Why do an Engineering Apprenticeship?
The engineering and manufacturing sectors have an aging workforce, a workforce that will be looking to retire in the next 10 to 15 years. If the current wealth of experience and skills leave the industry, without being replaced, there will be a major skills requirement across an enormous variety of roles.
Because an apprenticeship now provides a route into so many different pathways and higher education, there has never been a better time to consider an apprenticeship with the AMRC Training Centre.
Most people, young and old, perceive engineering and manufacturing to be a dirty environment, one that isn’t suitable for females and one that doesn’t offer career sustainability. This is not the case anymore, most working areas are as clean as office environments and the engineering and manufacturing sectors are seen as one of the most positive areas to stimulate UK growth.
As an apprentice you will have the opportunity to work in these areas and develop your skills to enable you to progress further in your chosen career, once you have completed your apprenticeship. It will give you the opportunity to work in some of the world’s most innovative industries, such as aerospace, automotive and low-carbon energy. You will be working alongside experienced team members who have a vast range of skills and knowledge in the industry.
There is no set rate of pay for apprentices. Your salary will vary with different employers. However, all employed apprentices must receive an apprentice national minimum wage which is reviewed by government annually. In practice, most companies pay their apprentices more than the minimum national average. Quite often this can be up to £11,000, depending on the size of the company.
As your skills develop your pay will increase accordingly. Statistics show that over the course of their career, young people starting with an apprenticeship can earn on average £100,000 more than those without.*
What you’ll be doing
This will depend on your employer. Employers vary in size from small businesses to large national and even international companies.
For this purpose we have different pathways (and are currently developing more) to meet the needs of the employers; this is just one example:
This will be based in the AMRC Training Centre.
During this time you will be based in the workshops. You will:
- Learn new skills.
- Complete Employment Rights and Responsibilities - Level 2 qualification.

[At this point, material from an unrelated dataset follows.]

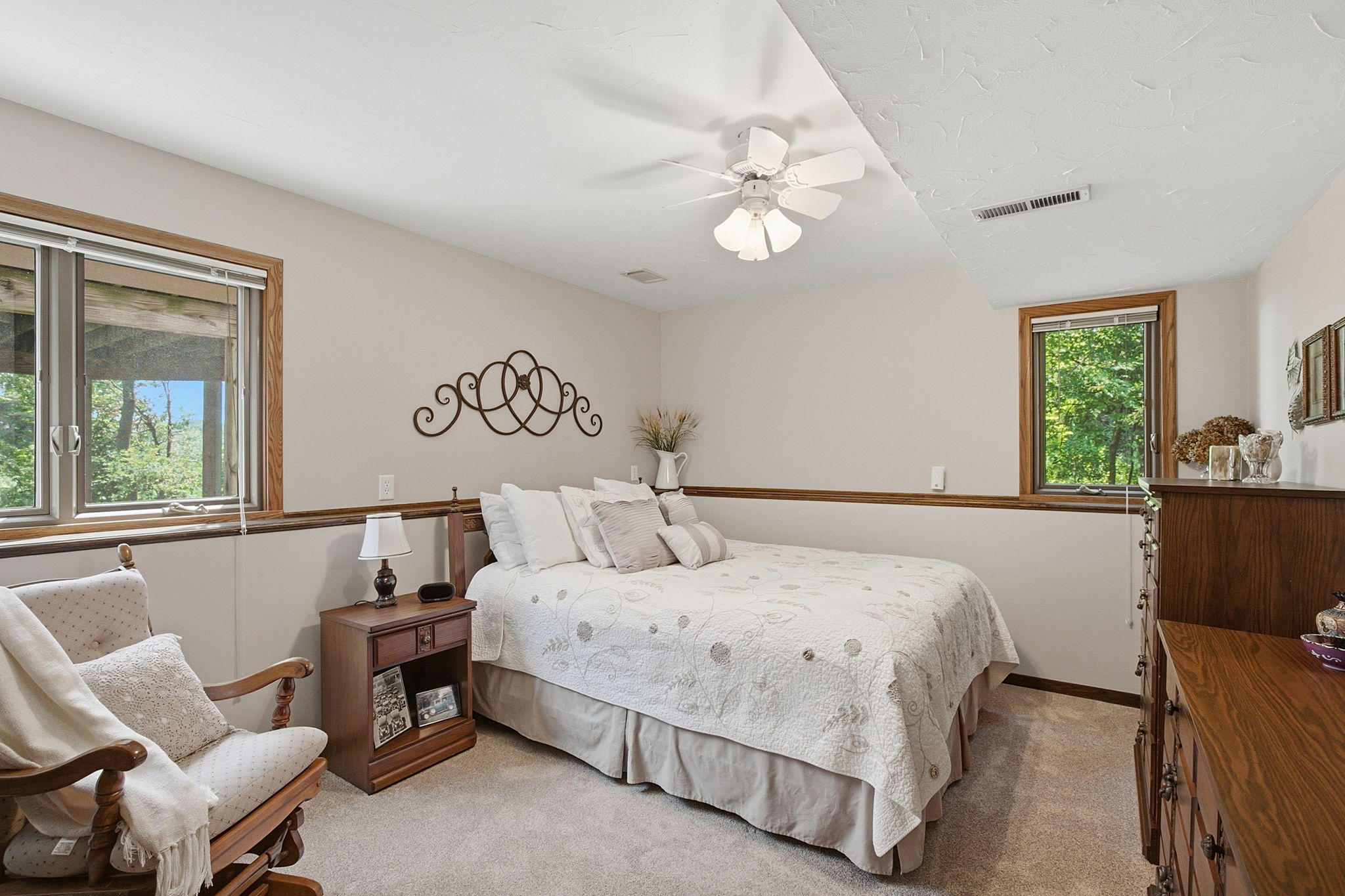 Fourth bedroom has lookout windows in lower level.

- PLTS – PersonalLlearning and Thinking Skills – Level 2 qualification.
- Learn about health and safety that is relevant to your area and wider areas of the workplace.

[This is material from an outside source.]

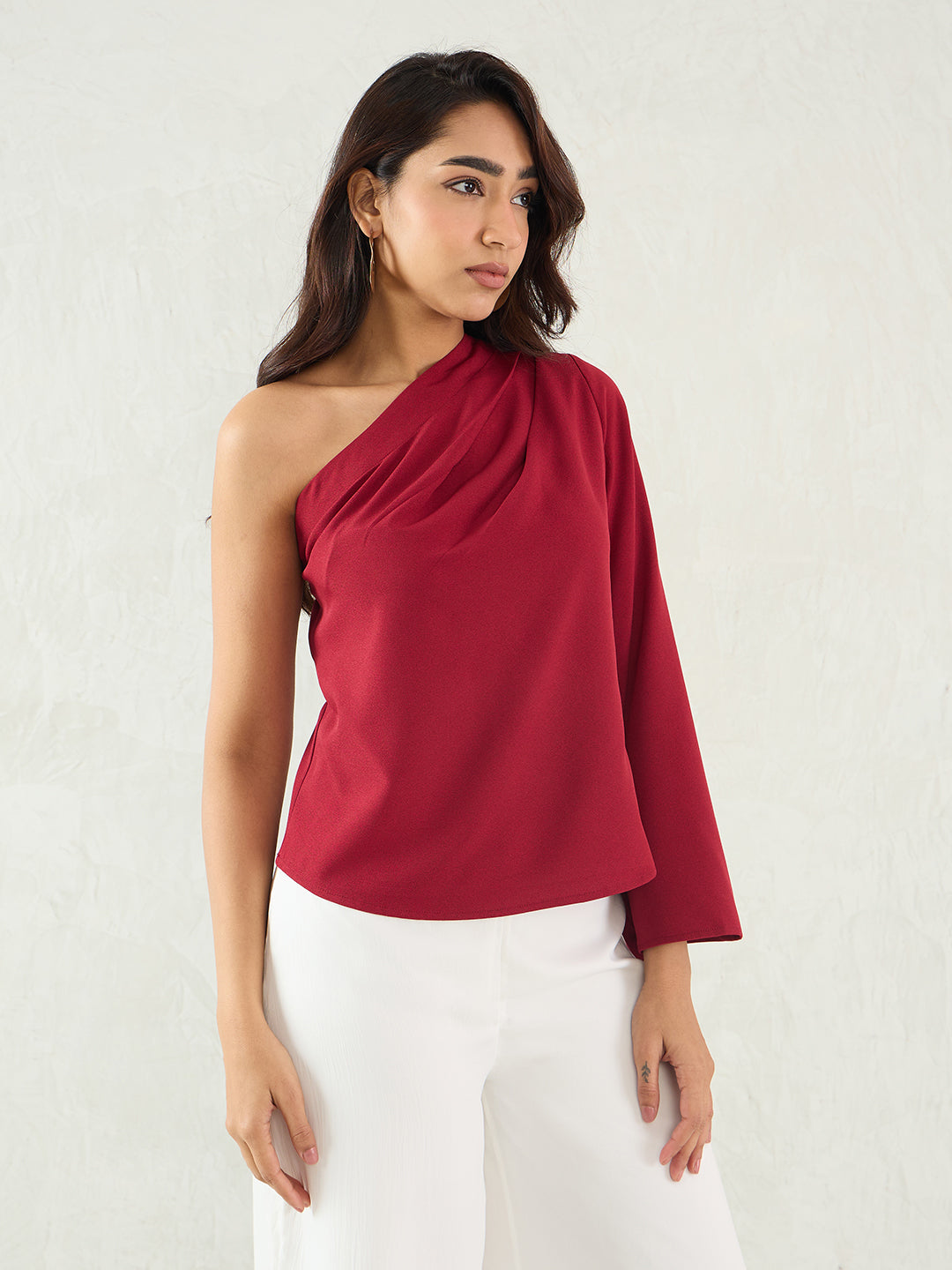 Maroon One Shoulder Bell Sleeve Top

- PEO/PMO accredited skills disciplines.
- First year of the Diploma - Technical Certificate.
- Master classes in production quality, Business Improvement Techniques and Inspection techniques.
- Possible outward bounds.
Years 2 & 3
You will be with your employer. During this time you’ll constantly be learning new skills and put the skills that you have learnt already whilst at the Training Centre into practice and start to become a specialist in your chosen area.
At each stage of the programme you will learn how to do everything correctly and safely from the beginning.
As your skills and knowledge increase, you’ll be given more demanding, challenging and rewarding tasks. This is how you achieve the NVQ competency part of the apprenticeship.
These skills are vital to your apprenticeship and you’ll need to record what you’ve completed and achieved in your qualifications portfolio to prove you are competent in your chosen trade. You may have to do some of this at home, so you’ll quickly learn to balance your commitments.
It’ll all be worth it in the end, once you achieve a recognised qualification that sets you up for your future career in engineering.
*Source - A cost-benefit analysis of apprenticeships and other vocational qualifications, University of Sheffield, 2007.